Cell Instance Segmentation: The Devil Is in the Boundaries
Peixian Liang, Yifan Ding, Yizhe Zhang, Jianxu Chen, Hao Zheng, Hongxiao Wang, Yejia Zhang, Guangyu Meng, Tim Weninger, Michael Niemier, X. Sharon Hu, Danny Z Chen
TL;DR
This work addresses the challenge of cell instance segmentation by moving beyond pixel-wise clustering to boundary-focused clustering. It introduces Ceb, a boundary-based framework that uses boundary signatures and a boundary classifier, grounded in a revised Watershed to generate candidate boundaries, enabling better preservation of shape and curvature. A GI-matching training scheme and an optional temporal extension (Ceb+Temporal) for videos are proposed to refine boundary labeling and enforce temporal consistency. Across six public datasets, Ceb consistently outperforms foreground-pixel clustering baselines and competes with state-of-the-art methods, with temporal consistency providing additional gains in tracking tasks.

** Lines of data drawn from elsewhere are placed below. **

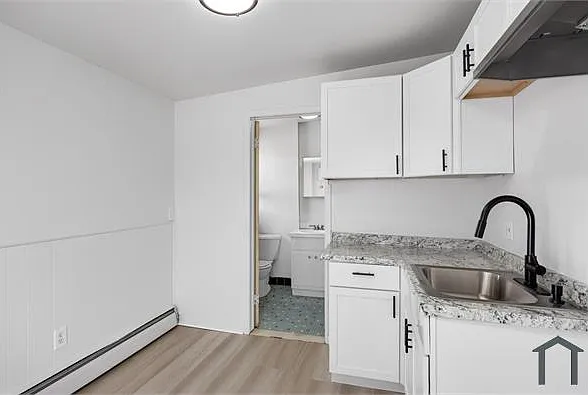 17464 Wildwood St #4 — Photo 6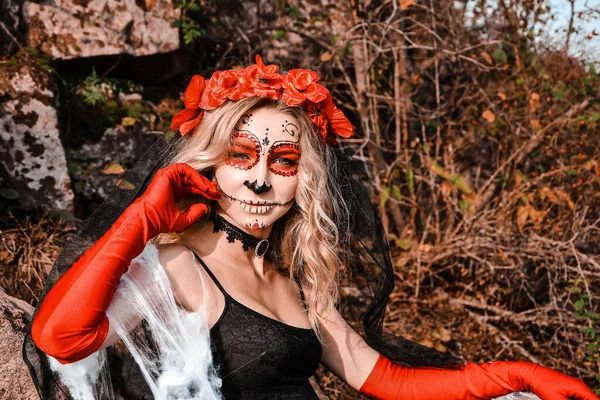 Retrato de cerca de Calavera Catrina. Mujer joven con maquillaje de cráneo de azúcar y tela de araña blanca. Día de los muertos. Día de los Muertos. Halloween. — Foto de Stock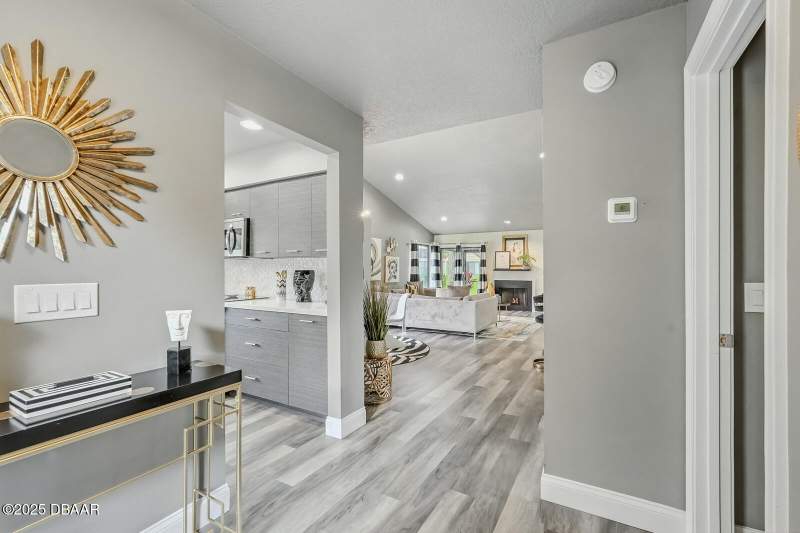 2 bedroom Townhouse at 220 Surf Scooter Drive, Pelican Bay, Daytona Beach — photo 4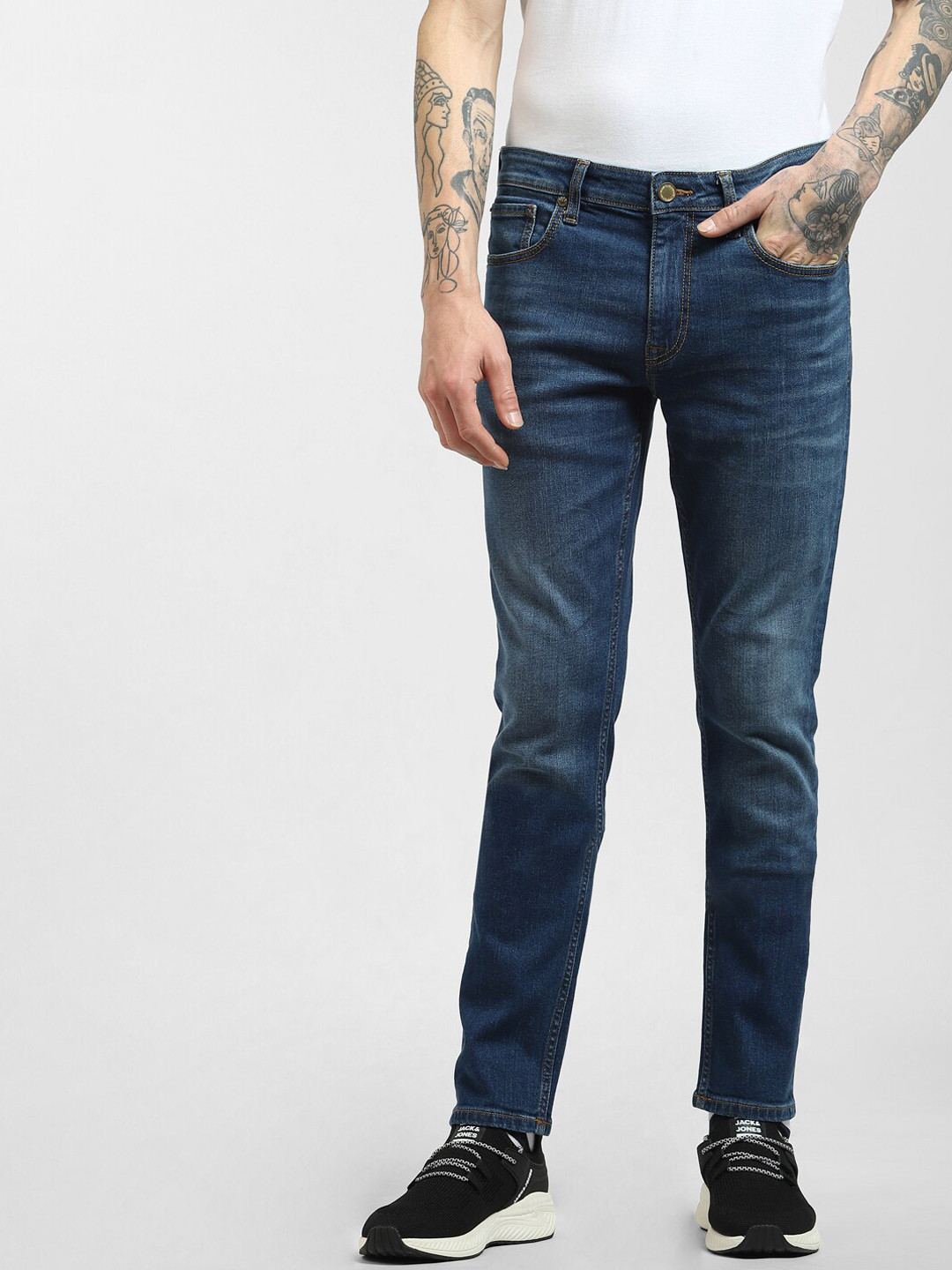

Jack & Jones Men Blue Low-Rise Light Fade Jeans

The approach highlights the value of boundary geometry in accurate cell instance segmentation and demonstrates practical benefits for biomedical image analysis and cell tracking.
Abstract
State-of-the-art (SOTA) methods for cell instance segmentation are based on deep learning (DL) semantic segmentation approaches, focusing on distinguishing foreground pixels from background pixels. In order to identify cell instances from foreground pixels (e.g., pixel clustering), most methods decompose instance information into pixel-wise objectives, such as distances to foreground-background boundaries (distance maps), heat gradients with the center point as heat source (heat diffusion maps), and distances from the center point to foreground-background boundaries with fixed angles (star-shaped polygons). However, pixel-wise objectives may lose significant geometric properties of the cell instances, such as shape, curvature, and convexity, which require a collection of pixels to represent. To address this challenge, we present a novel pixel clustering method, called Ceb (for Cell boundaries), to leverage cell boundary features and labels to divide foreground pixels into cell instances. Starting with probability maps generated from semantic segmentation, Ceb first extracts potential foreground-foreground boundaries with a revised Watershed algorithm. For each boundary candidate, a boundary feature representation (called boundary signature) is constructed by sampling pixels from the current foreground-foreground boundary as well as the neighboring background-foreground boundaries. Next, a boundary classifier is used to predict its binary boundary label based on the corresponding boundary signature. Finally, cell instances are obtained by dividing or merging neighboring regions based on the predicted boundary labels. Extensive experiments on six datasets demonstrate that Ceb outperforms existing pixel clustering methods on semantic segmentation probability maps. Moreover, Ceb achieves highly competitive performance compared to SOTA cell instance segmentation methods.